**Problem:** Only the lines from the opening of the material through the line bearing "VANNPYTT bordspeil, svartmalt" should be reproduced, exactly and without pictures.

——————

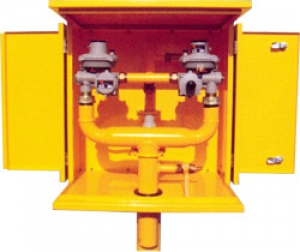 Домовой газорегуляторный пункт ДРП1С с регулятором ARD-10/RF25 на стене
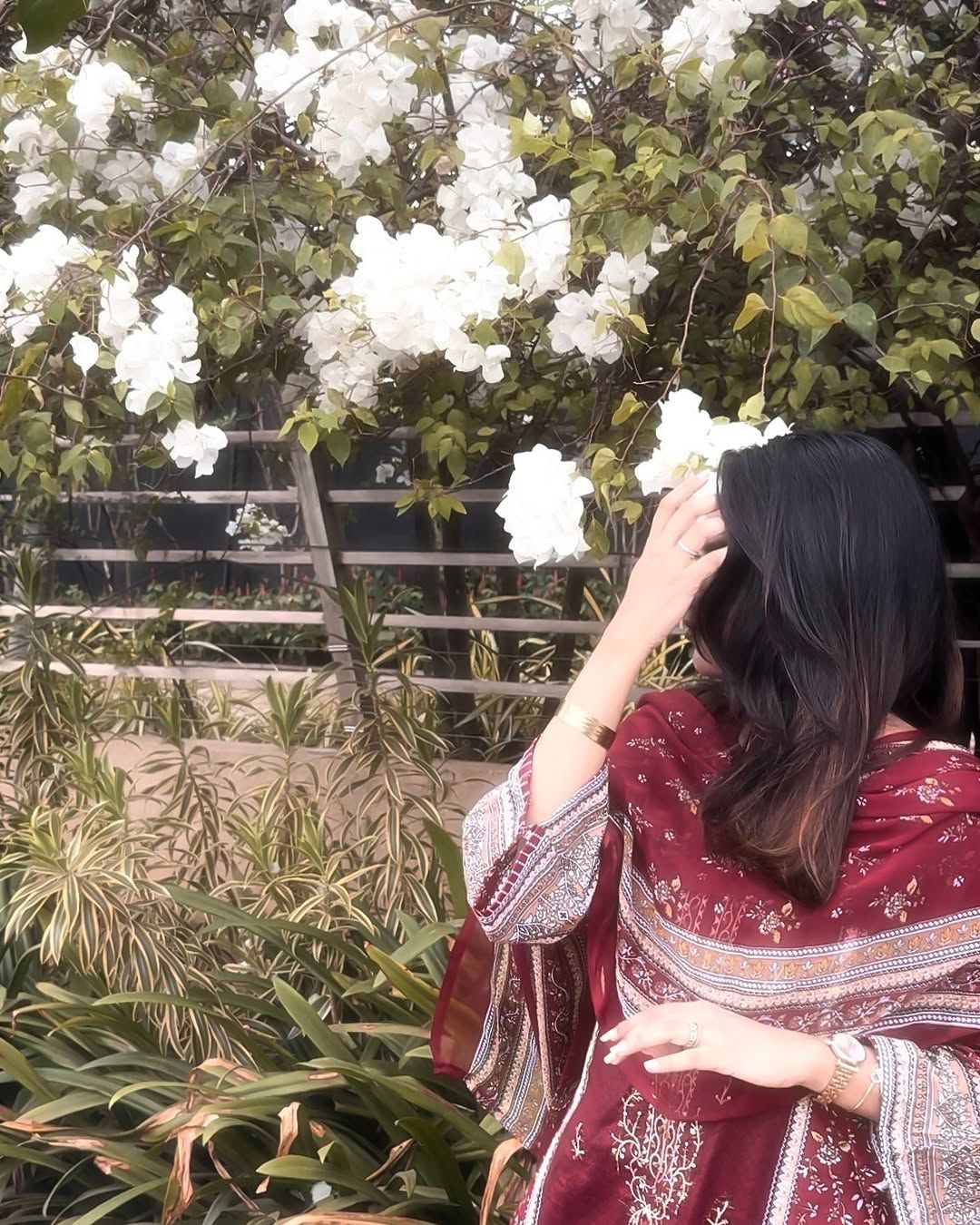 2e5394da-ffc5-4dfc-b4c2-0e73a889eba4 EMBRODERD PREMIUM UNSTITCHED LAWN - Image 3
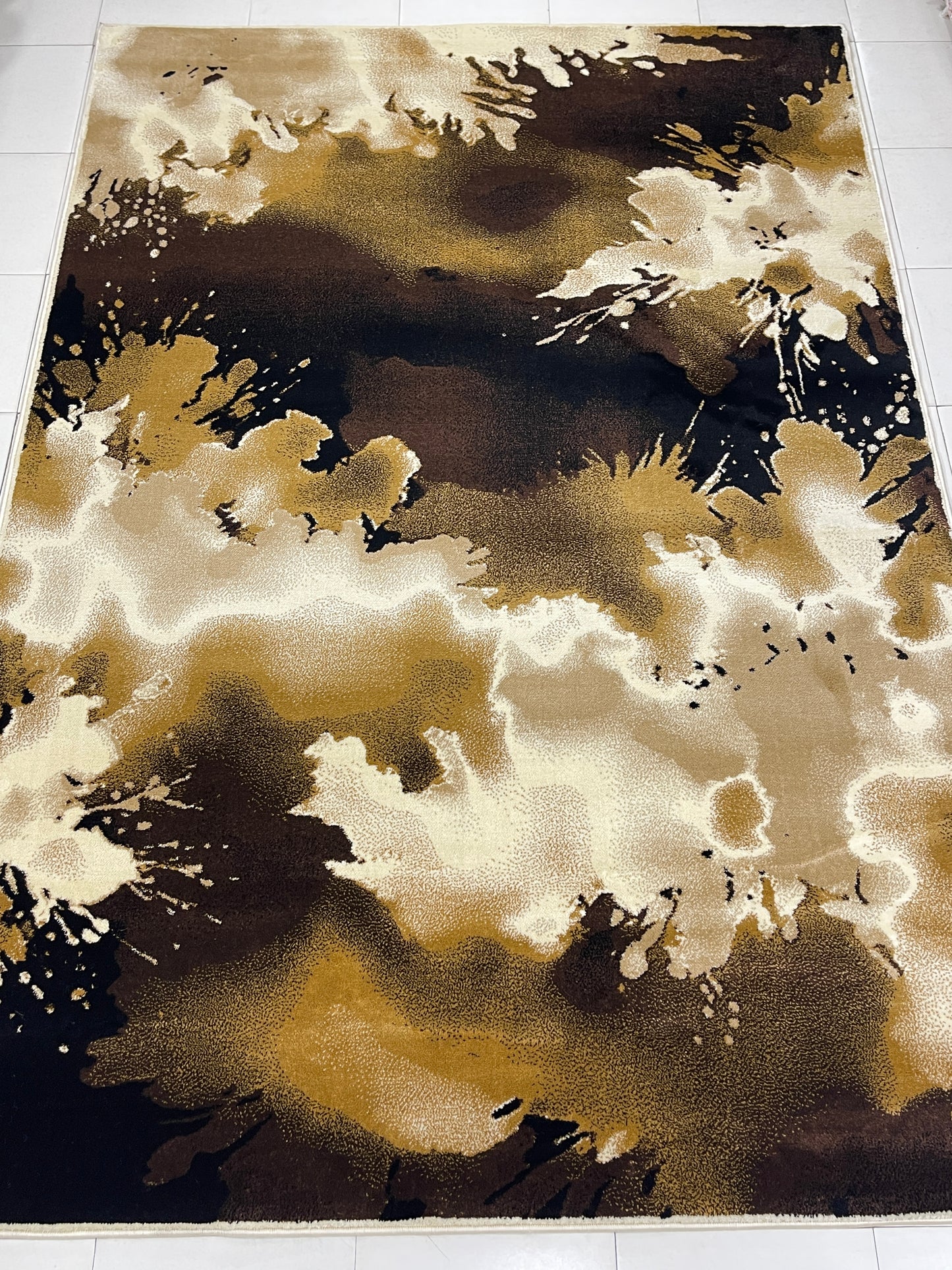 Modern polypropylene Rug,back woven(Article-143-Off white)
Size : 6.6 ft width x 9.6 ft length (200cm x 290cm)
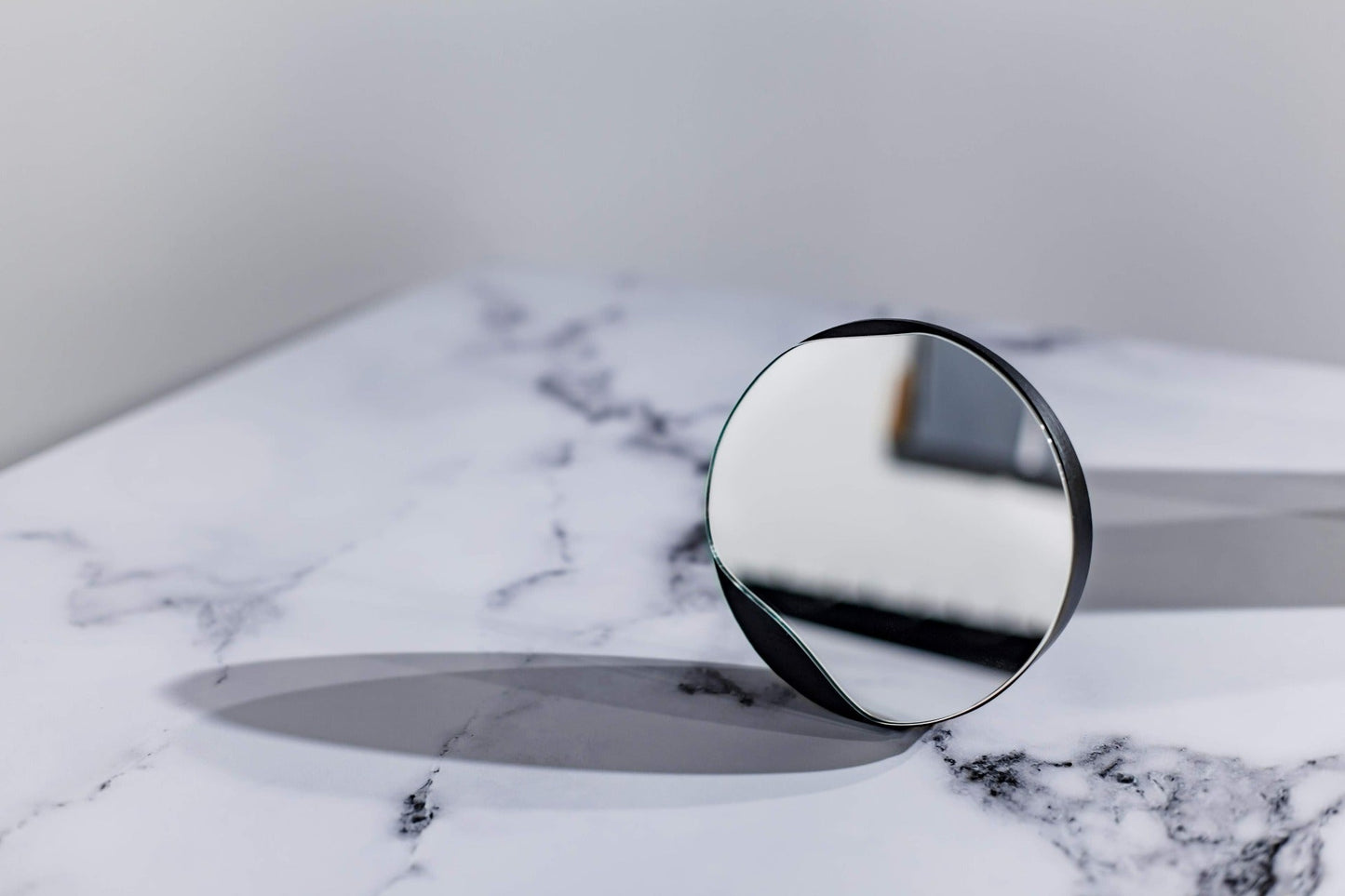 VANNPYTT bordspeil, svartmalt eiketre. Diameter 17 cm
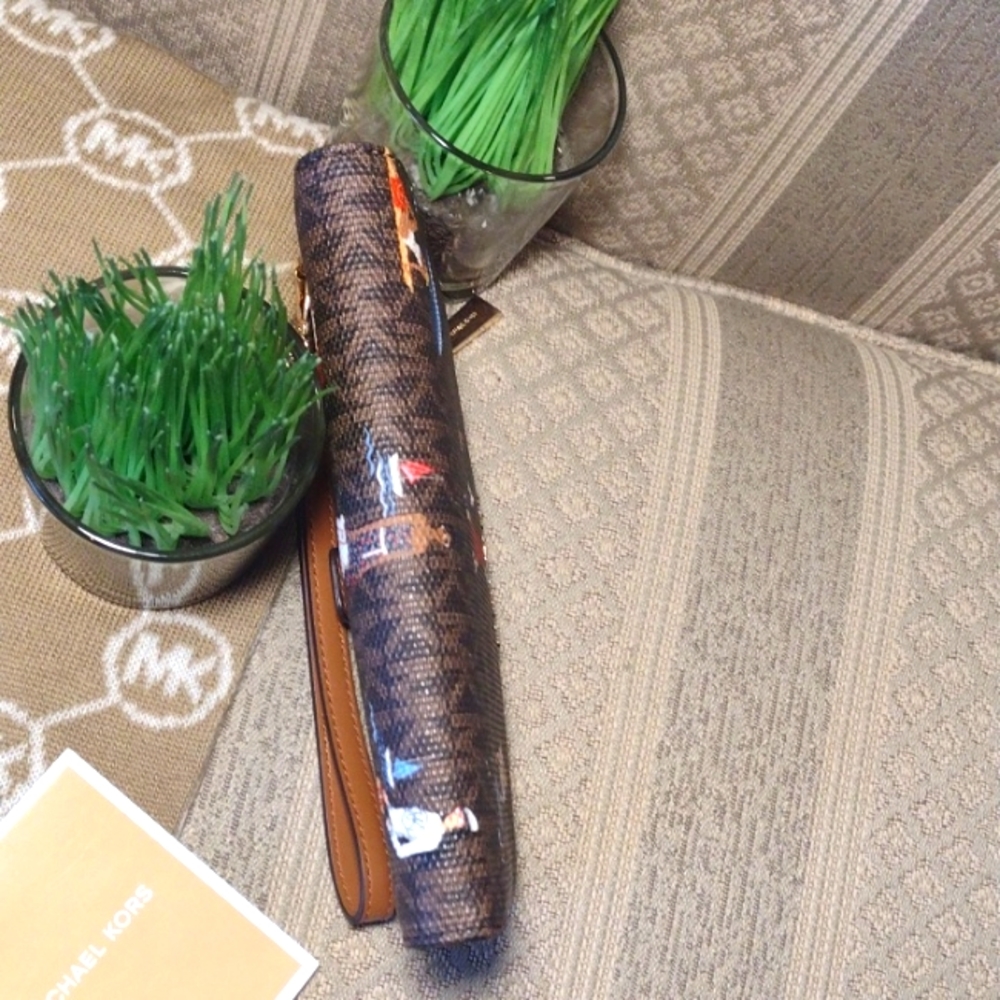 Michael Kors Sailor Woman Jet Set Travel Wallet - Picture 7 of 16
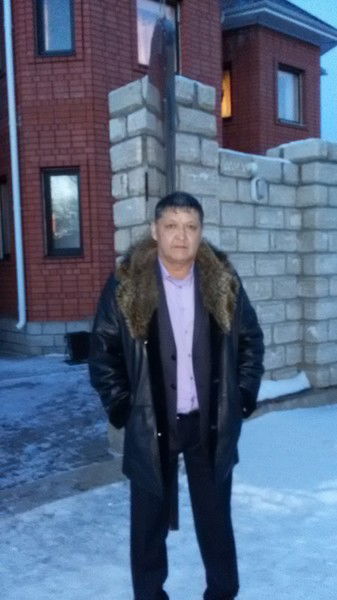 Болат Сулейменов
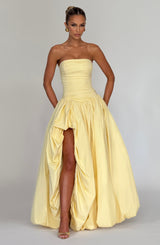Fioreclo Jilena Maxi Dress in Lemon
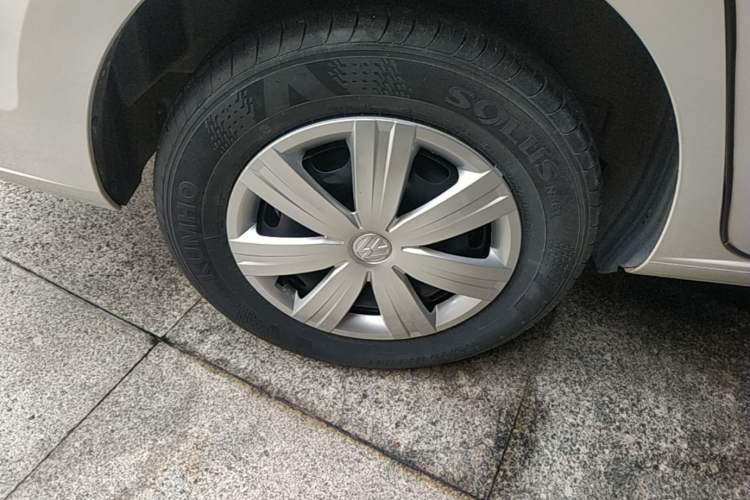Used Volkswagen Jetta 2017 1.5L Manual Fashion Edition Right Rear Wheel Hub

——————

**Task result:**
 Домовой газорегуляторный пункт ДРП1С с регулятором ARD-10/RF25 на стене
 2e5394da-ffc5-4dfc-b4c2-0e73a889eba4 EMBRODERD PREMIUM UNSTITCHED LAWN - Image 3
 Modern polypropylene Rug,back woven(Article-143-Off white)
Size : 6.6 ft width x 9.6 ft length (200cm x 290cm)
 VANNPYTT bordspeil, svartmalt eiketre. Diameter 17 cm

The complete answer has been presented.